Se você encontrar amigos neste fim de semana e muitos comentarem o resgate dos mineiros soterrados no deserto de Atacama, você vai achar normal. Mas se você pensar em um assunto muito particular e, amanhã ou depois, cruzar com alguém que mencione o mesmo tema, você dirá que é uma coincidência e, pelo menos por alguns minutos, se sentirá diante de um pe­­queno mistério.

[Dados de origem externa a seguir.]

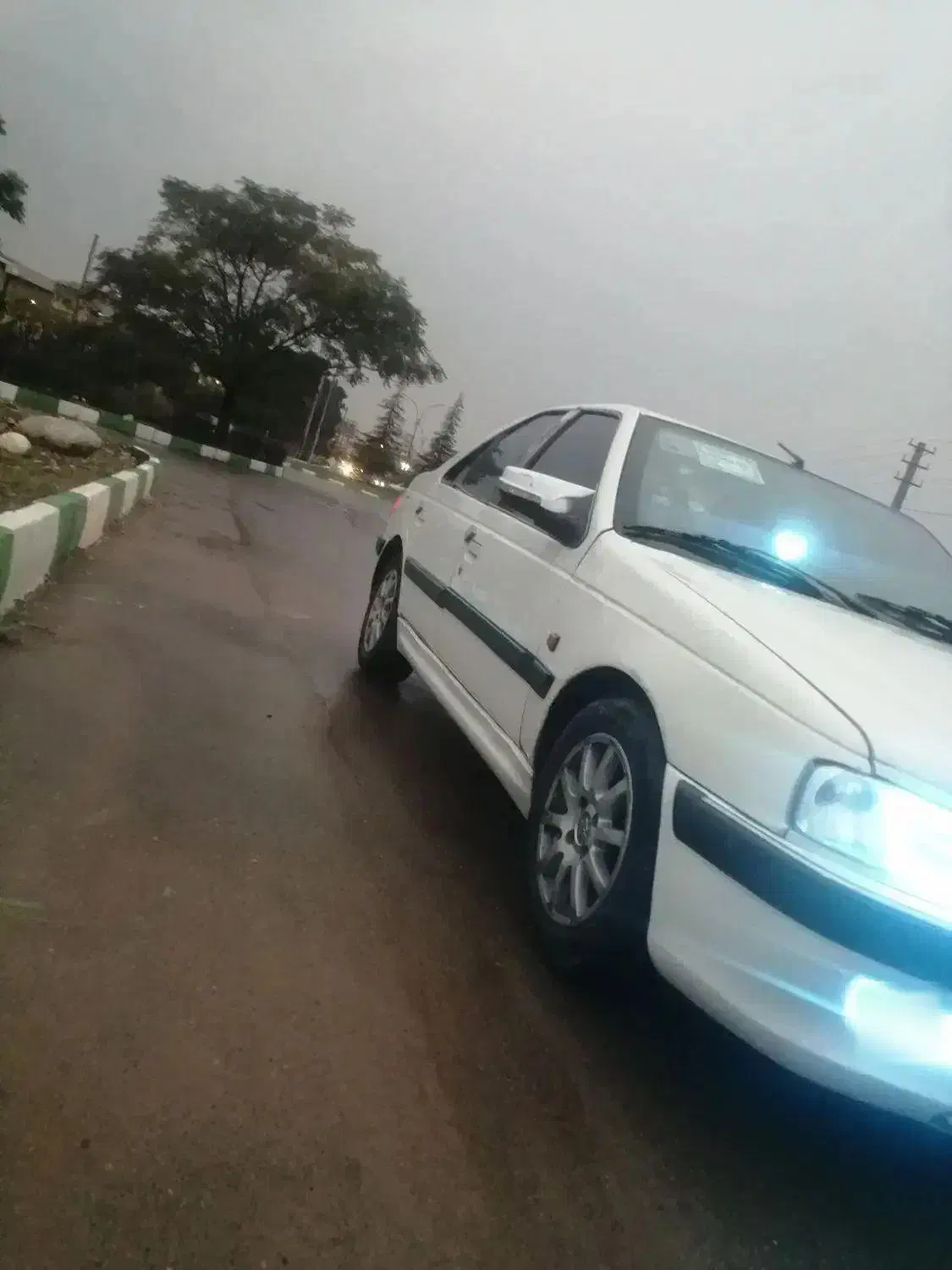 پارس مدل 88|خودرو سواری و وانت|گرگان, |دیوار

Não pode ser só o acaso que arma essas situações. Ou pode? Que não há explicação para todas as coincidências, não há mesmo. Sentei em frente do computador para escrever este texto com um assunto em mente e algumas anotações e reflexões coletadas ao longo da semana. Antes de começar, abri a Gazeta de sexta-feira. De cara, encontrei o texto do meu colega José Carlos Fernandes, que ocupava este espaço, falando exatamente do que eu pretendia falar: letras de música que guardamos para sempre na memória. Além da vontade de esganar o José Carlos, fui tomada pelo espanto: entre tantas coisas que há para se comentar, como foi que nós dois pensamos no mesmo assunto?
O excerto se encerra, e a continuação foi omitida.